About Tomorrow - Page 57

Throwing myself in his embrace, I fought back tears. This week had been a lonely one and Creed hadn’t been home most nights. I looked for the lights in his house and rarely saw them on. Seeing a friendly face made my resolve to be tough crack.

“Hey, my Sailor girl,” he said as he held me and kissed the top of my head. “Miss me?”

I nodded my head against his chest and held all my emotions in check, before leaning back and smiling up at him. “I can’t believe you’re here.”

“You sent me the text about your new job and I wanted to come check it out and see you. I’ll be in Germany next week for Thanksgiving.”

I couldn’t remember the last time my dad spent a Thanksgiving or Christmas with me. He was always traveling. Then there was the one year he spent Christmas in Australia with his new wife. They’d been divorced by the next year, but he had been in Los Angeles then.

“I’m not sure I will be going to Nashville for Thanksgiving. Mom hasn’t called and said she was planning something. I doubt she’s in town.”

He frowned. “What about Griff’s family? Don’t they do Thanksgiving up big?”

Griff’s family…I had spent Thanksgiving with them the past few years. It was the perfect big event with kids running around and weird drunk uncles and pumpkin pie. I had loved going to this family’s holidays. I’d miss that.

“We, uh, broke up,” I said, not wanting to give dad details.

“Really? I wasn’t expecting that. I thought the boy was smarter than that.”

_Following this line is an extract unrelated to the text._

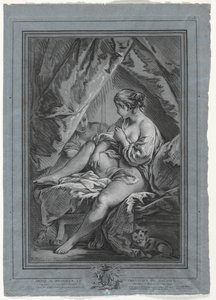 Fiatal nő ül egy ágyon, 1764-1767. alkotó: Louis Marin Bonnet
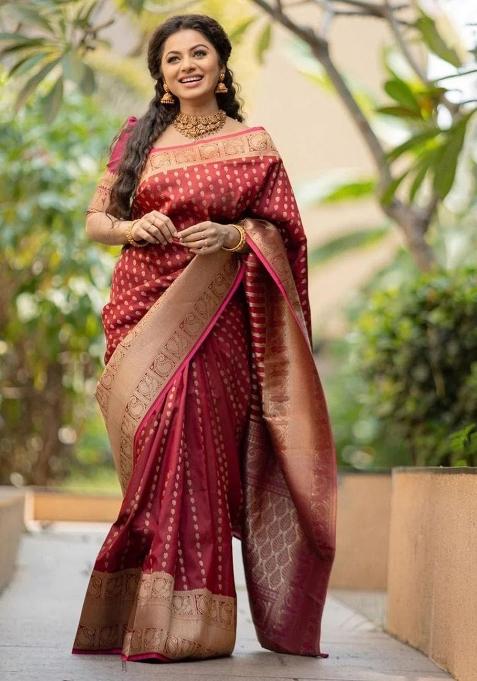 Maroon Embroidered Silk Saree Set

“It was my decision,” I told him, not wanting him to harbor any ill will toward Griff.

He squeezed my arm gently. “I am sure you had your reasons. Now, what about we go to my penthouse at the Four Seasons in Boston? I’ll have dinner brought in. You can tell me about life here and stay the night. Tomorrow, I fly out early afternoon. We can do brunch before I go.”

Not going home to an empty house and wondering where Creed was sounded perfect. I nodded. “Sounds great. Let me get my coat and purse,” I told him. I wasn’t sure when I’d see my dad again or get to spend time with him. This would be the distraction I needed to get through the weekend.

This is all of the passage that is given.